Leer la Escritura para conocer a Dios y conocerse a sí mismo

Que yo haga de tus Escrituras mis castas delicias,
sin engañarme en ellas ni engañar por medio de ellas (Confesiones 11,2,1)

La Escritura es para san Agustín la carta por medio de la cual Dios continúa hablando y manifestando al hombre su querer (cf. Carta 127,9). Es como «un documento autógrafo dejado por Dios, para que todos los hombres en la tierra lo puedan leer, cada uno en su tiempo, y encaminarse todos hacia la vía de las promesas divinas» (Carta 144,7). Es un documento autógrafo, porque «son libros escritos por los dedos de Dios por medio de hombres santos, en quienes actuaba el Espíritu Santo» (Comentario al Salmo 8,8). Por eso, en la Escritura se encuentra la respuesta de la autoridad suprema (cf. Comentario al Salmo 67,23), para todo aquello que es necesario saber, para poder agradar a Dios y salvarnos.

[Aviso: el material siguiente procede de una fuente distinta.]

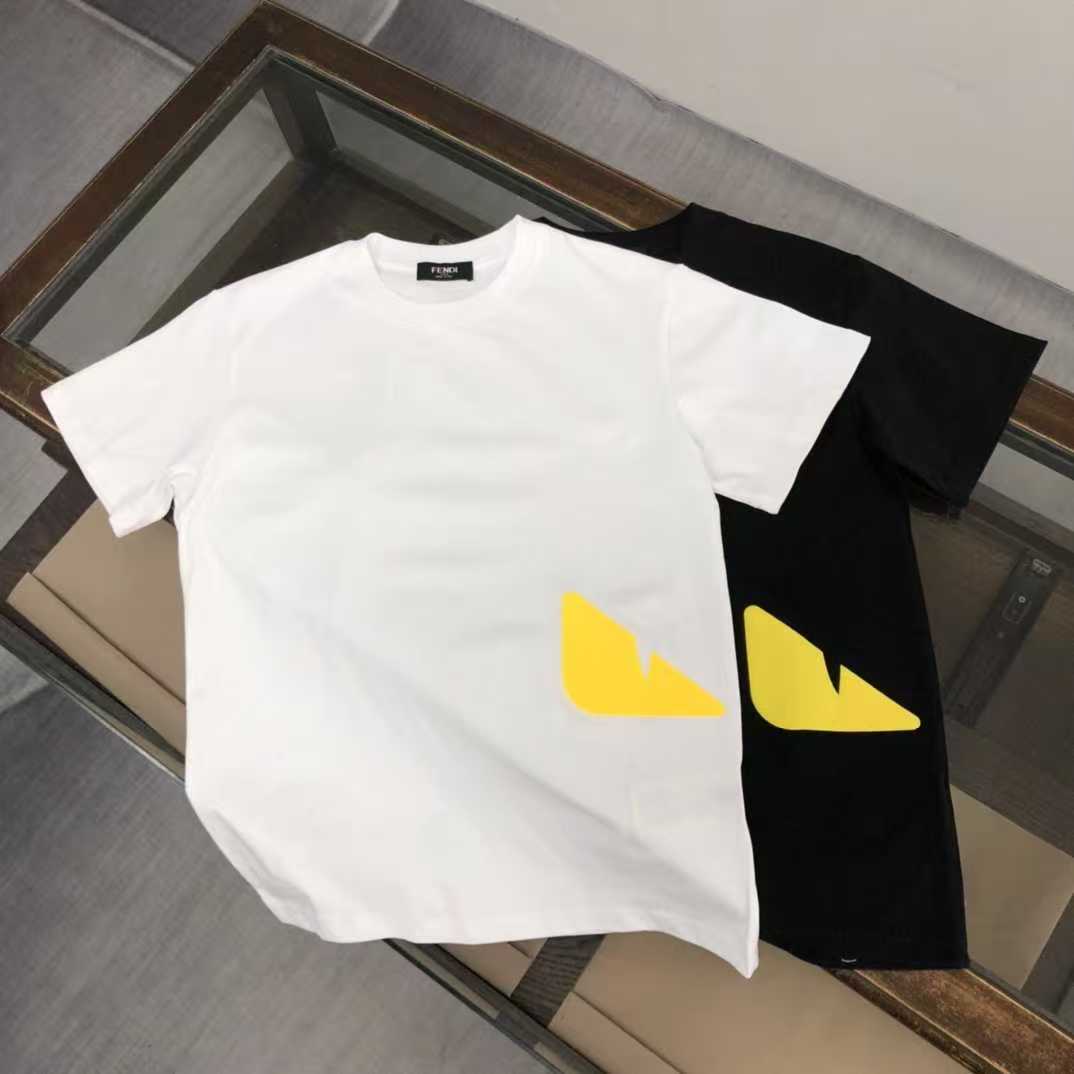 Crew Neck Casual T-Shirt | FENDI Inspired Luxury Style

Sin embargo, la Escritura también es un libro complejo y difícil, que exige mucho estudio y preparación científica (cf. Carta 137,1,3). Exige la fe, para ser acogida como Palabra de Dios y no como simple palabra de los hombres (cf. Comentario al Salmo 77,5); requiere amor y respeto (pietas), para que en ella se busque la voluntad de Dios con amor y sencillez, de modo que, cuando no se consigue captar plenamente su sentido, no se levante contra ella (cf. Sermón 347,3).

En efecto, Agustín no se cansa de amonestar a los fieles que se acercan a la Escritura: «Cuando no entiendes, o entiendes poco o no penetras a fondo, honra la Escritura de Dios, honra la Palabra de Dios, aunque no sea clara para ti. Animado por la piedad, posterga su comprensión. No te obstines en acusar a la Escritura de oscuridad o de absurda. Nada falso se encuentra en ella. Si hay algo que sea oscuro, no se quiere negar tu comprensión sino que te ejercites mejor y así la hagas tuya. Eventuales oscuridades allí existentes son obra del médico, el cual las ha puesto para hacerte llamar y, después, abrir a quien llama. Llamando, te ejercitas, ejercitándote te haces más capaz y hecho más capaz estarás preparado para recibir el don» (Comentario al Salmo 146,12).

La mansedumbre se pide, sobre todo, para acoger dócilmente el juicio de la Escritura, cuando acusa de pecado nuestras acciones. El pecador es llevado por la soberbia a defender sus propias culpas y es reacio a reconciliarse con Dios. Pues bien —escribe san Agustín—, «porque no conocemos otros libros que destruyan tan bien la soberbia, que destruyan tan bien al enemigo, el defensor reacio a reconciliarse, mientras defiende sus propios pecados. No conozco, Señor, no conozco otras expresiones tan puras y capaces de inducirme a la confesión, de amansar mi cerviz a tu yugo, que me inviten a darte un culto desinteresado» (Confesiones 13,15,17).

    Tomado de: N. Cipriani (2013). Muchos y uno solo en Cristo. La espiritualidad de san Agustín. Madrid: Ed. Agustiniana, 360-362.